The data >>
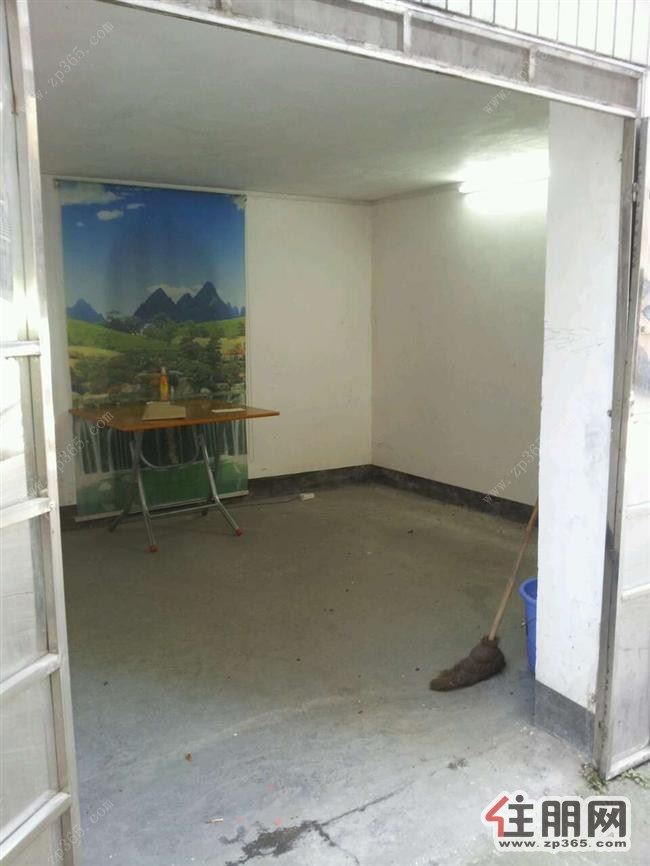 市中心文化大院车库出租,有水电宽带,可做声乐教室服装租赁等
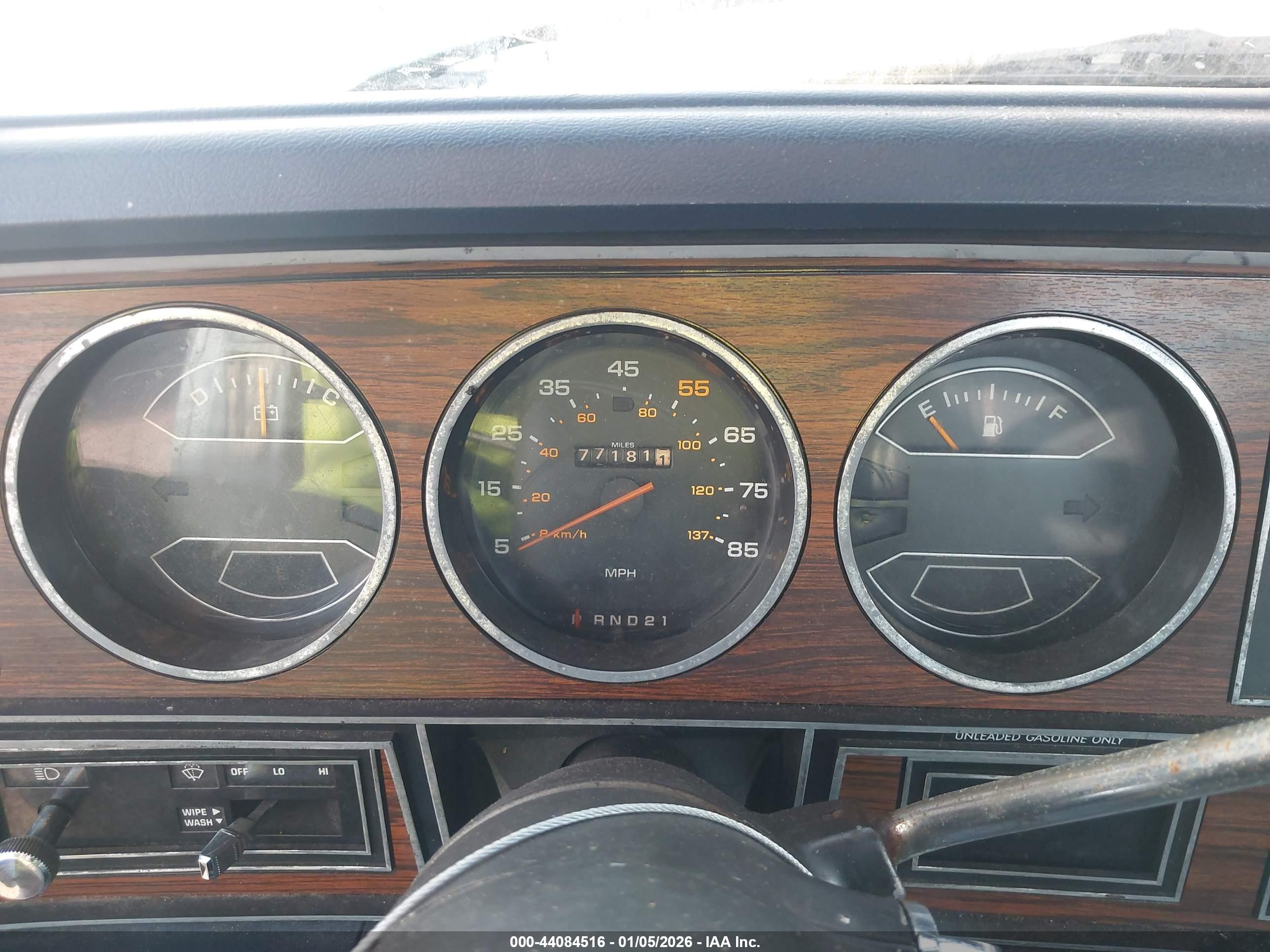 DODGE D-SERIES image 7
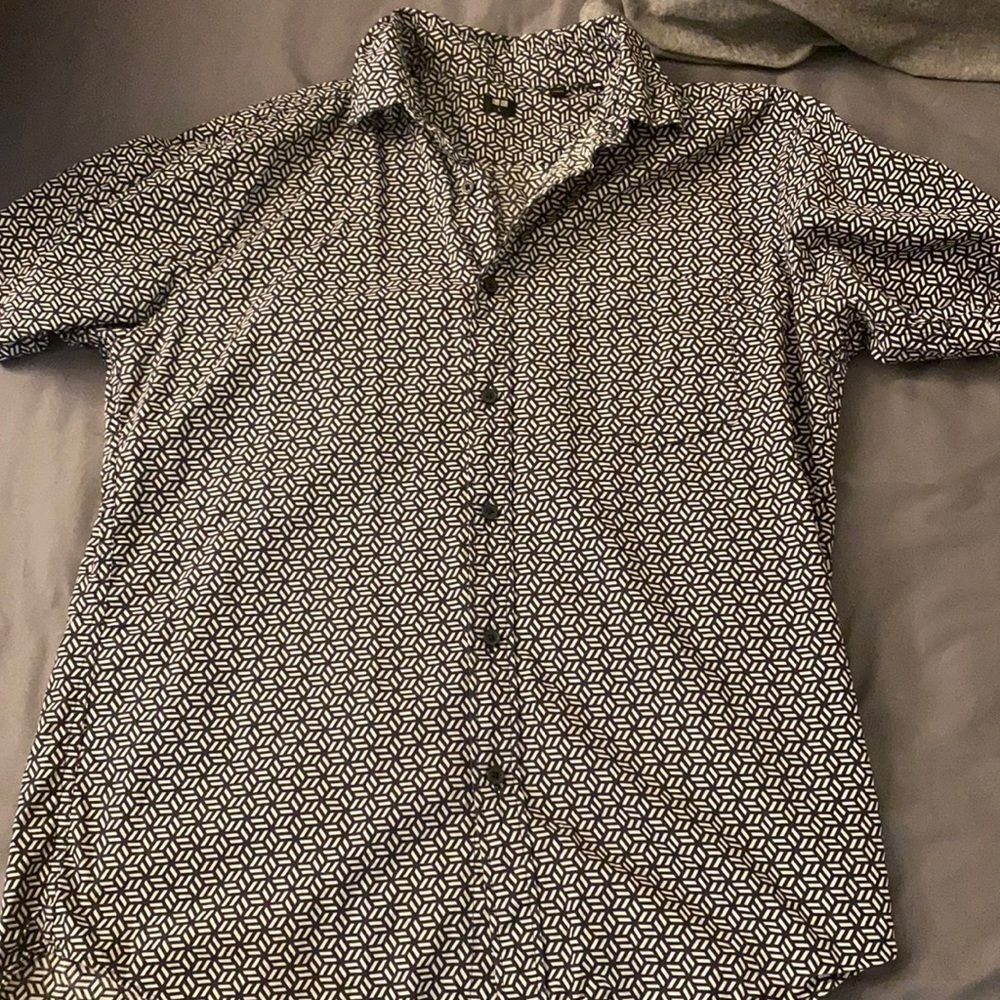 Uniqlo men short sleeve button down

Requirement >> Only the listing above, set down exactly and without pictures, belongs in the answer.

Solution >>
 市中心文化大院车库出租,有水电宽带,可做声乐教室服装租赁等
 DODGE D-SERIES image 7
 Uniqlo men short sleeve button down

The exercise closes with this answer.